Banana Kong est un jeu pour iPhone, permettant à l’utilisateur de mettre en ligne son score sur ses réseaux sociaux. Un manquement évident aux règles de prudence les plus élémentaires de gestion professionnelle d’un compte auquel s’ajoute une erreur de manipulation qui fait donc tache.
Les twittos n’ont évidemment pas manqué de tourner en dérision l’action de l’institution à partir de ce tweet déplacé.
La publication le lendemain d’une offre de Community Manager par la Direction Générale de la Police Nationale sur le site de Pôle Emploi fera définitivement naitre une crise digitale au détriment de l’image de l’institution en laissant penser que l’auteur du tweet avait été licencié.
La Police Nationale n’était d’ailleurs manifestement pas prête pour réagir à cette crise puisqu’il a fallu attendre qu’un média la contacte pour qu’elle daigne offrir des éléments de réponse.
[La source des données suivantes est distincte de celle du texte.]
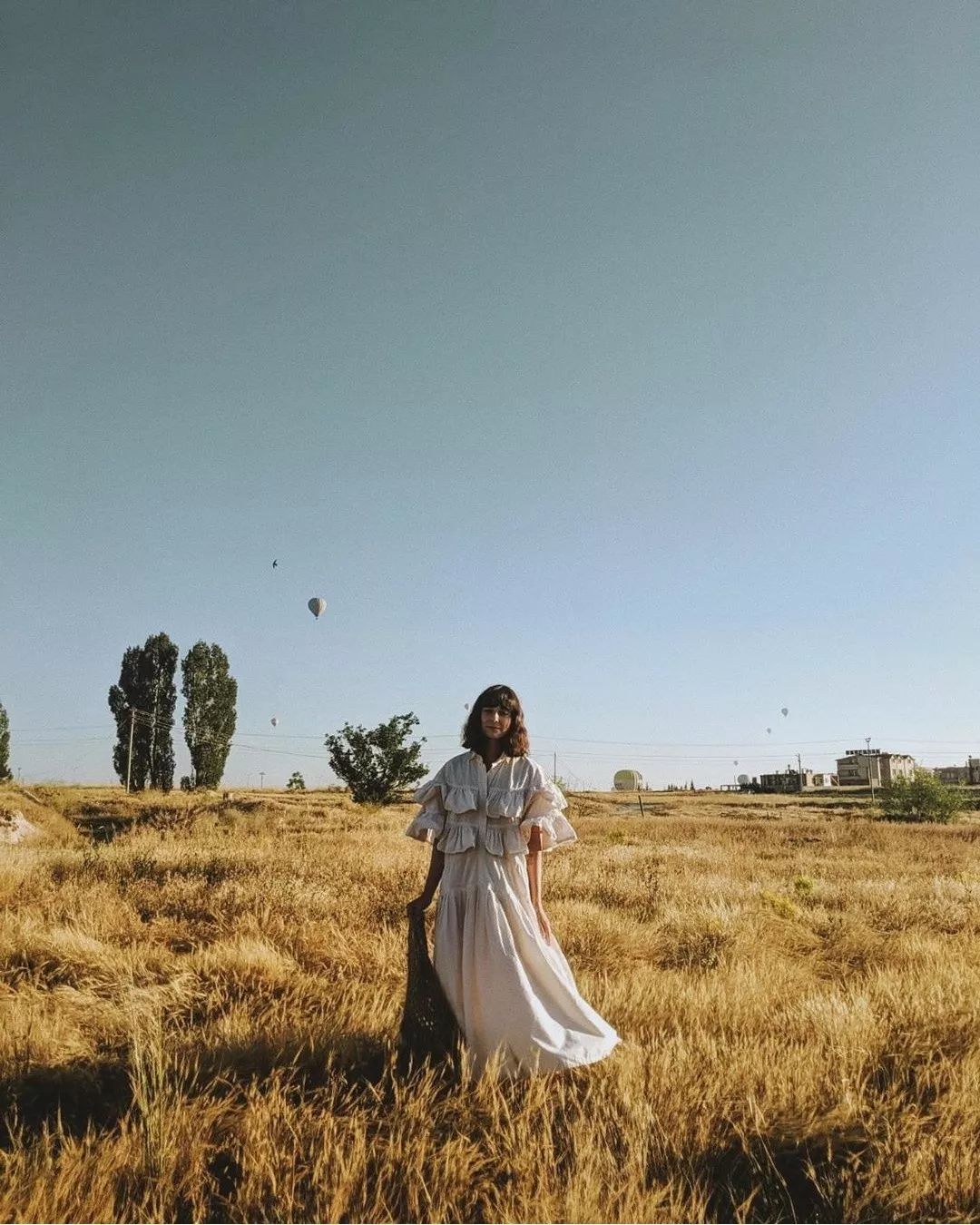 草原旅行只需要这三件裙子就可以美翻朋友圈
On croyait pourtant ce schéma dépassé (il y a une crise, la marque attend les appels pour ré-insister sur ses éléments de langage préalablement diffusés par communiqué de presse aux journalistes). Ce manque de pro-activité digitale est particulièrement regrettable pour une institution aussi exposée qu’elle sur les réseaux sociaux.
Les 5 buzz qui ont marqué l’année 2013
L’année 2013 a aussi été marquée par des buzz positifs profitables pour les marques qui auront su exploiter les codes des réseaux sociaux pour communiquer habilement. C’est l’occasion de rappeler que créer le buzz ne se décrète pas. S’il est incontestable qu’il peut ruiner une réputation, le buzz peut aussi constituer une véritable opportunité de visibilité digitale en suscitant une diffusion virale considérable permettant de réduire le budget d’achat d’espace publicitaire traditionnel. L’audience de ces buzz considérés comme réussis par les internautes va permettre à la marque de se construire une bonne réputation, de la renforcer ou de fidéliser une communauté.
1. La fin des blagues Carambar: un canular du fabricant pour faire du buzz
C’est finalement sur son site internet corporate que la marque Carambar a annoncé qu’elle continuait à publier des blagues sur les papiers de ses célèbres confiseries.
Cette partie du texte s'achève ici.